How does your personal productivity benefit from iterations?

You get earlier and more feedback

If you can show something to your customer (who could also be your boss, your significant other, or whoever you are doing this for) early on, you will always get some feedback. This helps to figure out if you are on the right track. Make sure to have an open conversation about this. You do not have to incorporate every single feedback and idea. The feedback just gives you directions and orientation on what to prioritize. Also pay attention to what they do not need or value.

You increase your speed of learning

Customers will also ask you questions you haven’t even thought about. This again triggers thinking processes of your own. It can lead to completely new insights which might have come up much later or not at all otherwise.

You reduce waste by decreasing unnecessary work

From a productivity point of view this is a very important aspect. As early feedback and customer interaction help you to prioritize your next steps, you make sure that you work on the right parts of your product. You might even find out that you are working on something nobody needs. Obviously, your time is better invested elsewhere in this case. The most important aspect here is realizing when your product is good enough. Do not add features or details that do not add significant value. Adding details can even deteriorate the experience through more complexity. Your perosnal productivity will benefit from iterations because you waste less time.

You can celebrate more often

This aspect is often neglected. As you ship more regularly, you can be proud more often. You can celebrate your success more frequently. This will not only increase your short-term motivation but also increase your long-term self-esteem.

You increase your chances of success

No matter what you are doing, the above points lead to an overall increased probability to be successful. Working in iterations, you can produce more value with less effort. And you will work on topics that are relevant to your customers.

How can you implement iterations in your individual work?

Using iterations to increase your personal productivity can be very attractive. Iterative work improves your efficacy and efficiency. Follow these principles to get started.

Break up large task in a way that each individual part has value in itself

If you have big tasks on your agenda, you need to break them up into smaller chunks. Whenever you do this, try to make sure that every sub-tasks will produce something that is of value in itself. Of course, this is not always possible. Yet, it is doable in more cases than you might initially think. Sometimes this leads to a slightly higher initial effort on the first sub-tasks. But the advantage in learning about the true value of what you do, will save you a lot of uneccessary work down the line.

Make sure your iterations produce a “complete product”

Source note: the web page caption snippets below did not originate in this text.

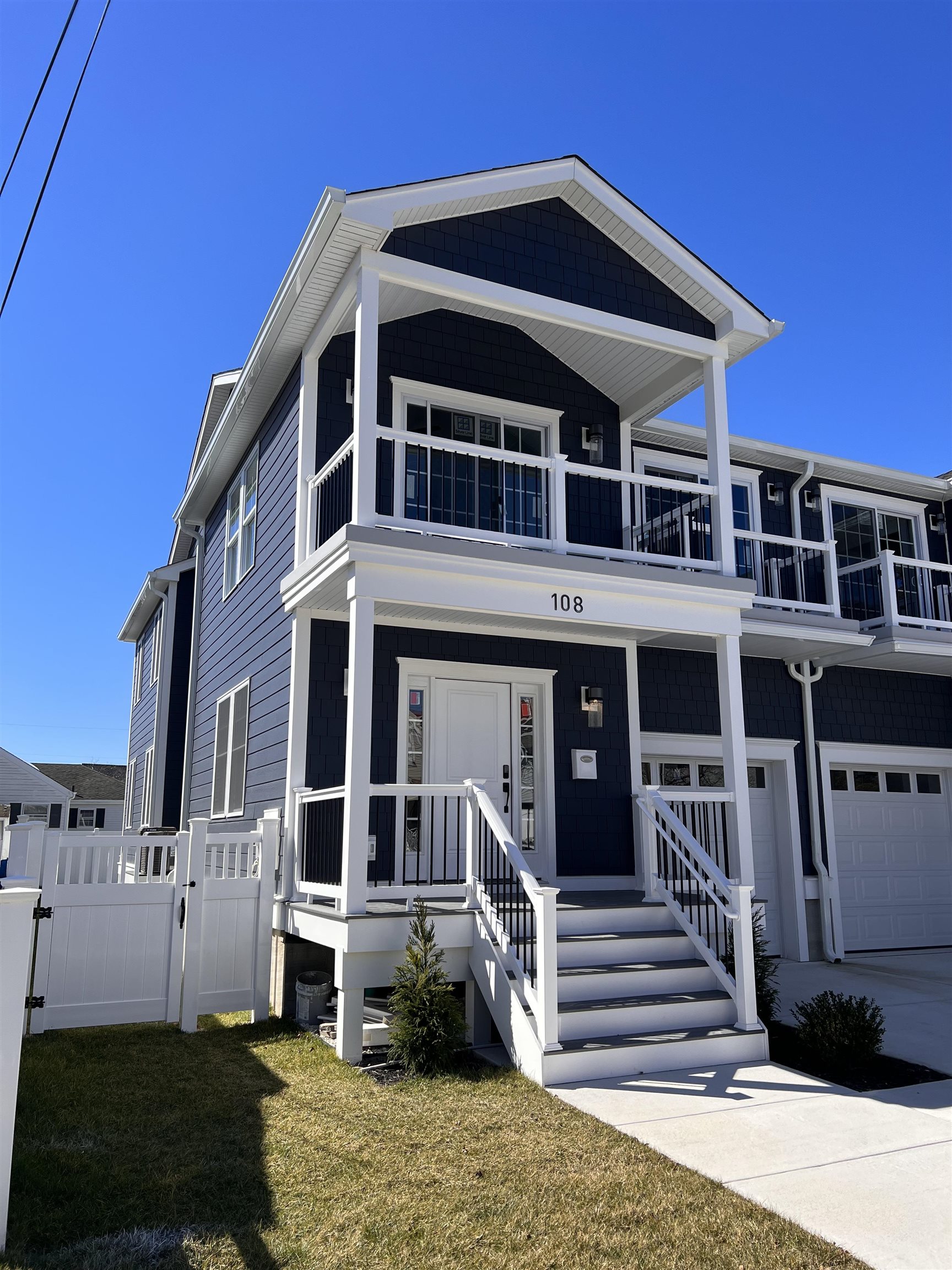 108 East Fern Road Wildwood Crest, NJ 08260 - Photo 1 of 9 a front view of a house with a yard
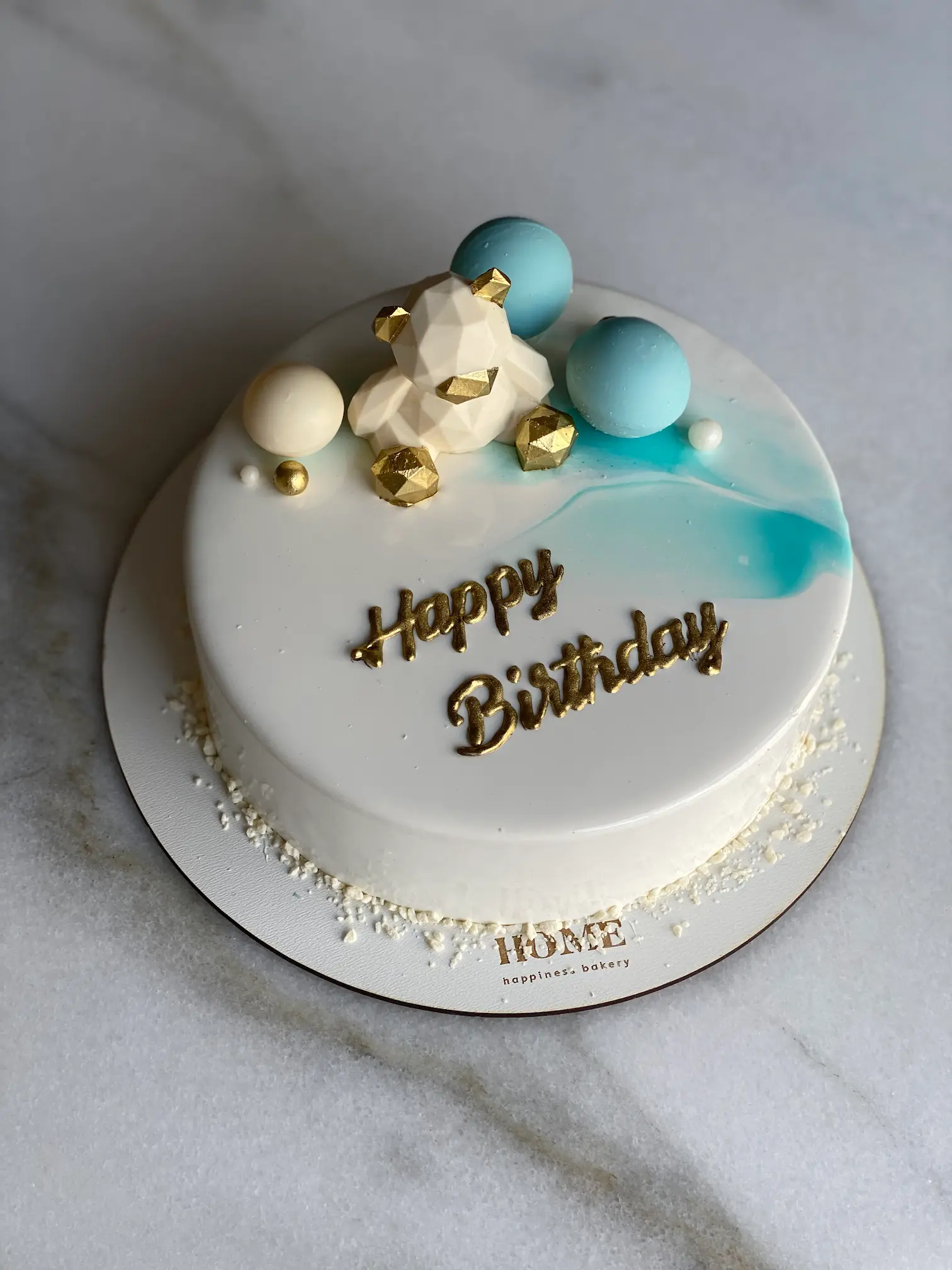 White round cake with "Happy Birthday" chocolate message and blue planets decoration
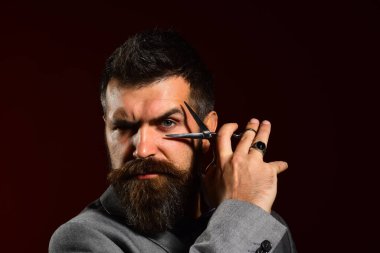 Koyu kırmızı arka planda ciddi yüzü olan bir iş adamı..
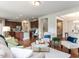 Open-concept living room showcasing hardwood floors, fireplace, and open flow to the kitchen at 437 Henmore Brook Dr Dr, Cary, NC 27519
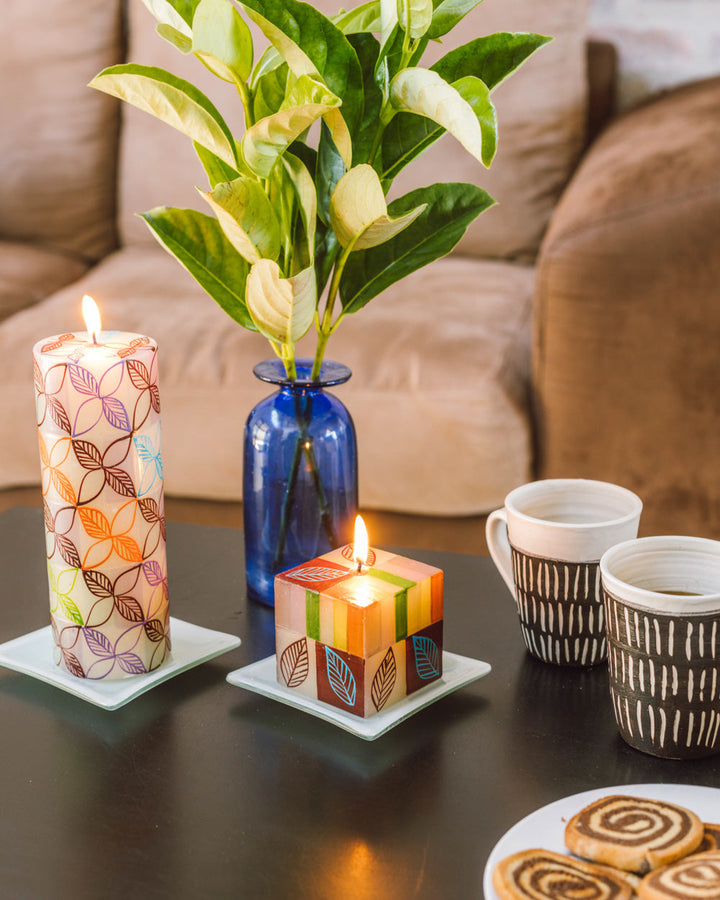 Lifestyle photo of Magic Garden 3x8 pillar and Magic Garden 3x3x3  cube candle, both lit and sitting on white candle coasters on a table in a casual living room setting.  Lovely pokes of color and light. 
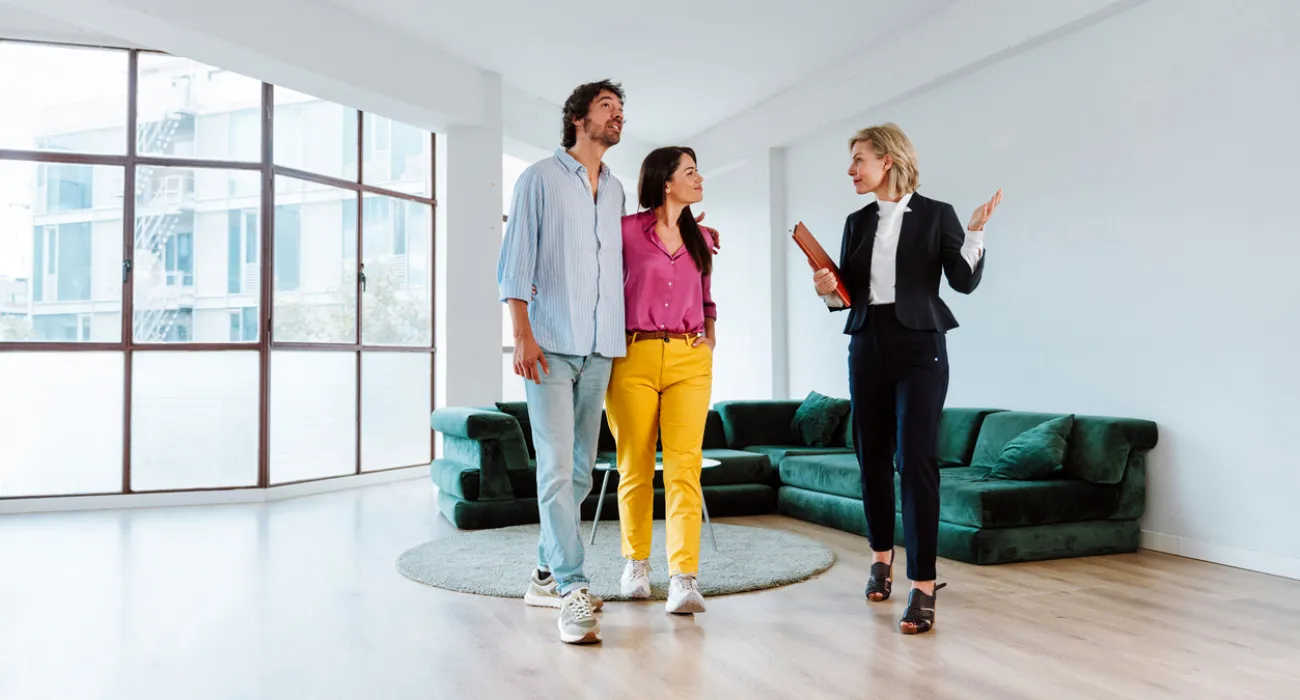 Real estate agent showing a couple a bright, modern living room with large windows and green sofa.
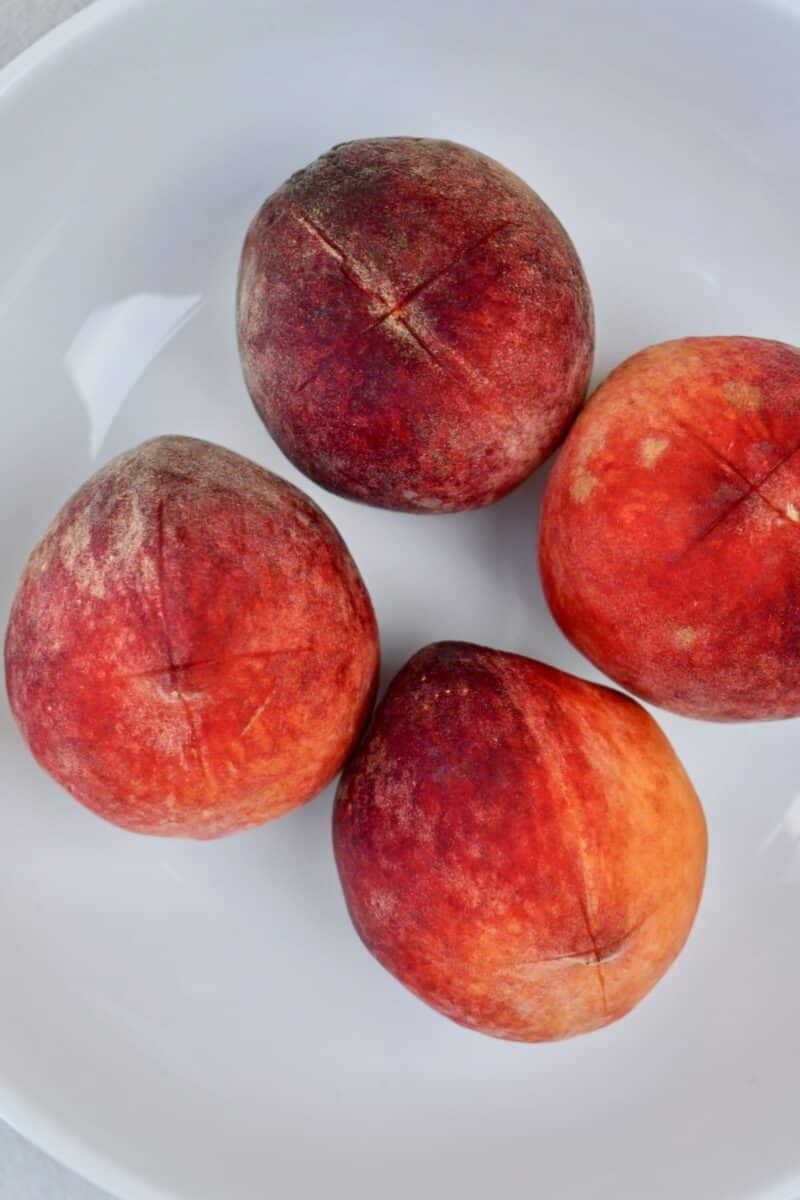 Whole peaches before blanching with an x scored into the bottom of each.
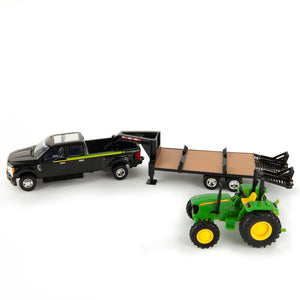 Black truck with trailer and tractor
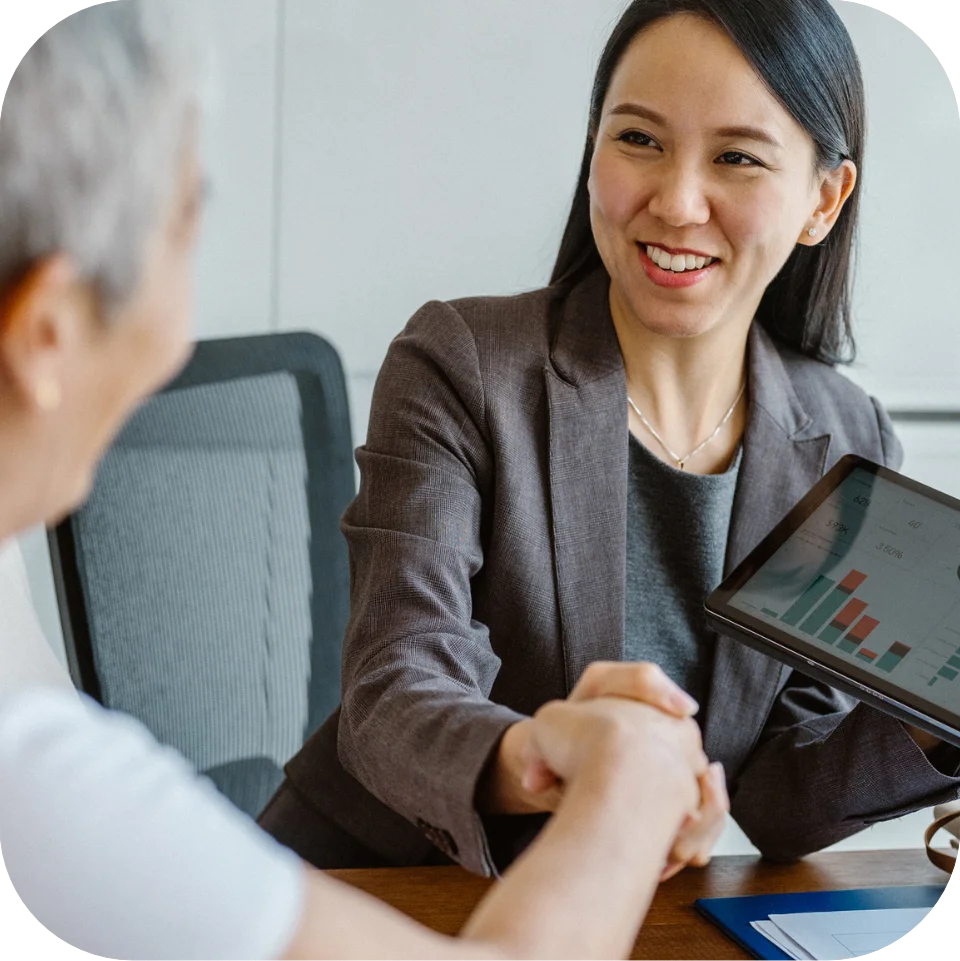 Account manager shaking hands with client after reviewing numbers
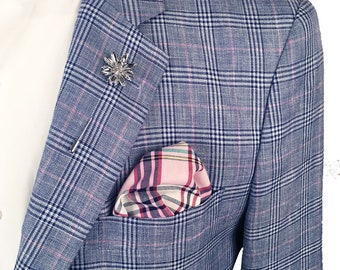 May include: A blue blazer with a pink and white checked pattern. The blazer has a pocket square in a pink and white checked pattern and a silver pin in the shape of a flower.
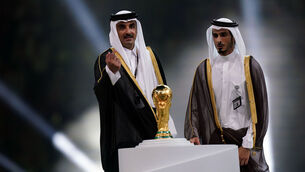 <p>Emir of Qatar, Sheikh Tamim bin Hamad Al Thani (left) with the World Cup Trophy ahead of the presentation to Argentina's Lionel Messi following the FIFA World Cup final at Lusail Stadium, Qatar. Picture date: Sunday December 18, 2022. PA Photo. See PA story WORLDCUP Final. Photo credit should read: Mike Egerton/PA Wire.</p>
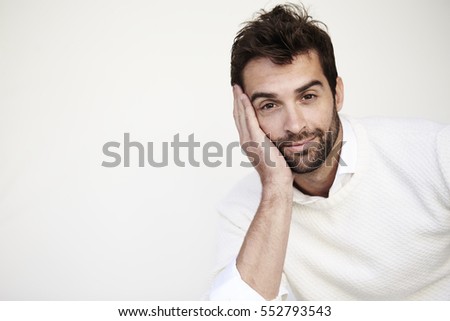 Guy in white sweater smiling at camera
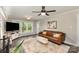 Comfortable living room featuring a leather sofa, decorative rug, and bright windows at 2514 King Arthur Dr, Monroe, NC 28110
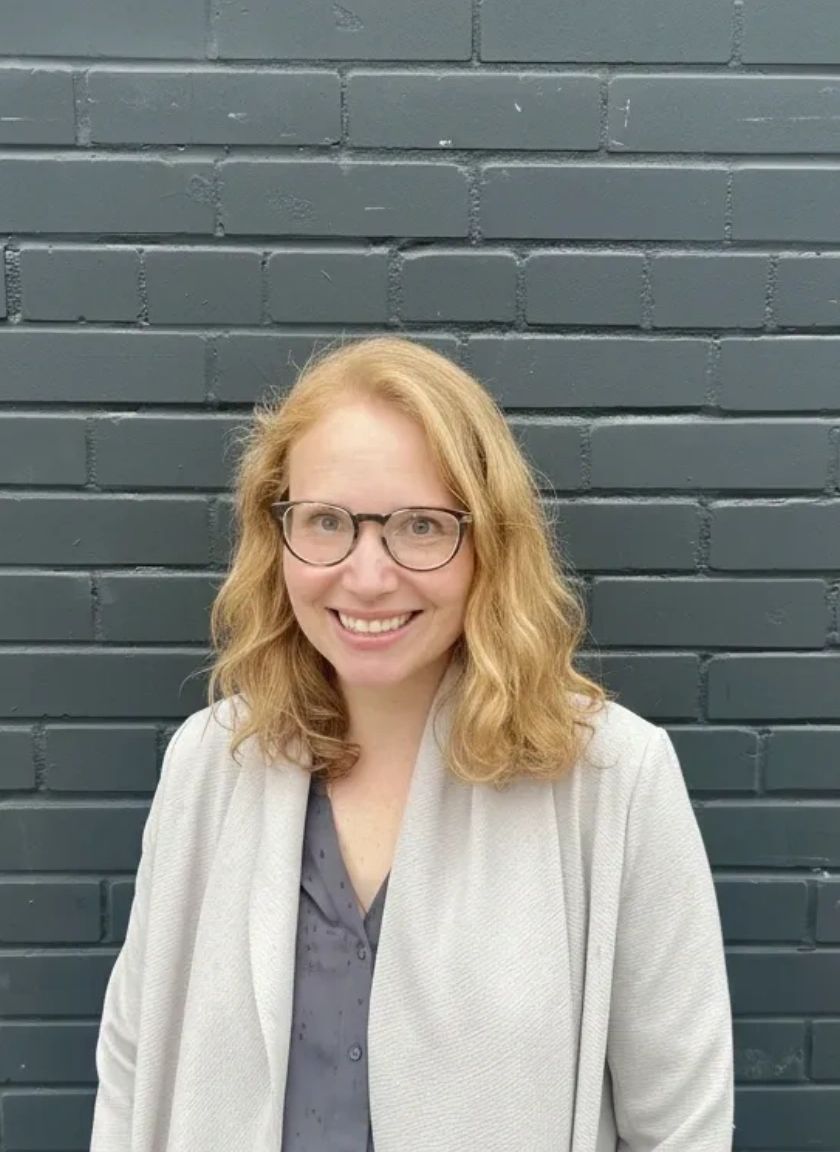 Smiling woman with glasses in front of a gray brick wall.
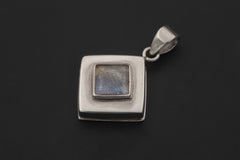 Labradorite sterling silver locket shown worn as a geometric keepsake pendant.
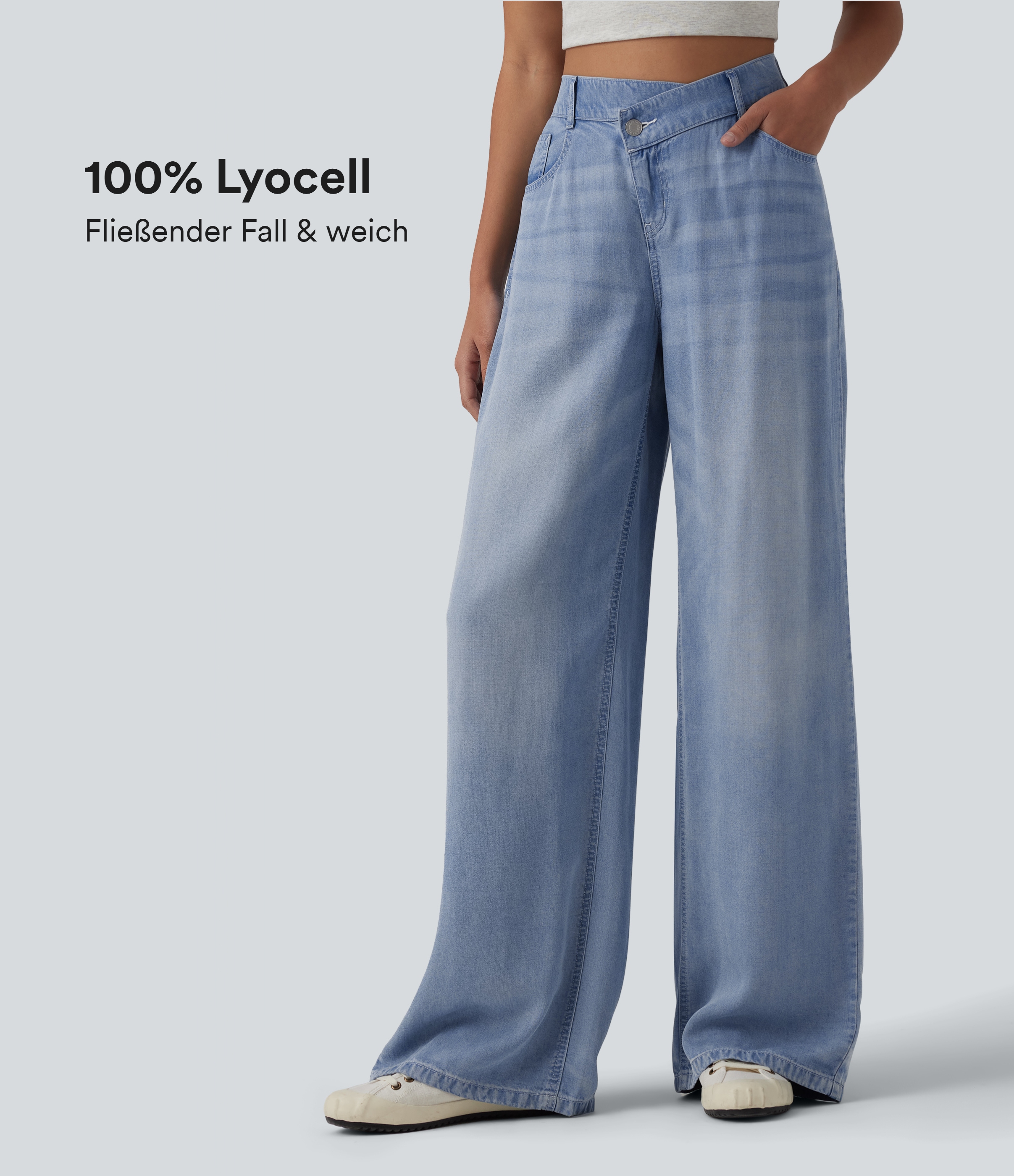 Lässige Jeans aus Lyocell mit mittelhohem Crossover-Bund, mehreren Taschen und weitem Bein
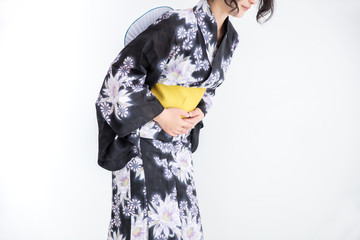 浴衣を着た30代のきれいな女性が白背景で腹痛でお腹を抱えている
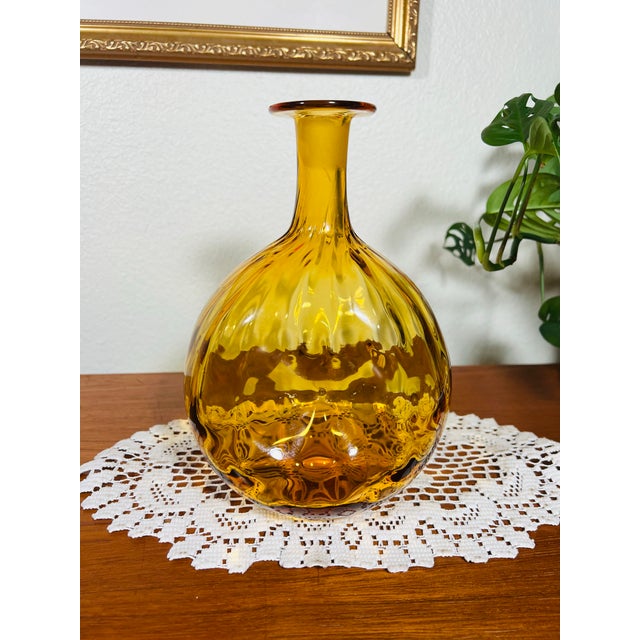 This lovely Blenko Glass Decanter is a spherical optic dot technique decanter with deeply pinched sides and ball designed...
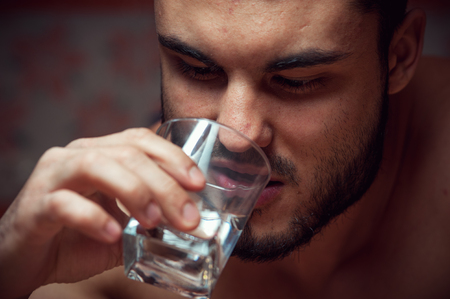 Young drunken man with glass of vodkaの写真素材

If you timebox your iterations in daily or weekly sprints, make sure to produce a “complete product” at the end of the sprint. This “product” should be something that you would be proud to show your customers (or yourself) as it is. Your goal should be to realize this product at the end of the sprint. The goal is not to have completed a predefined set of tasks. Why? Because you learn on the way and some initially planned steps might not be needed in the end.

Show it to your customers

When you are done with something show it! Deliver it to your customers. Get feedback from peers. The large adavantage of iterative work is the increased learning. To seize this, set aside some time at the end of each iteration to systematically collect feedback on what you produced. Start your next iteration with a review of this feedback. Base the goal and next steps for this iteration on thi review.

Use iteration goals to increase short-term accountability

Set the goals for your iterations in an ambitious yet realsitic manner. To increase accountibiliy, you can communicate them to your customers. If you yourself (or your future self) is the customer, write them down. If you have an accountibility partner, you should also discuss the goals with her.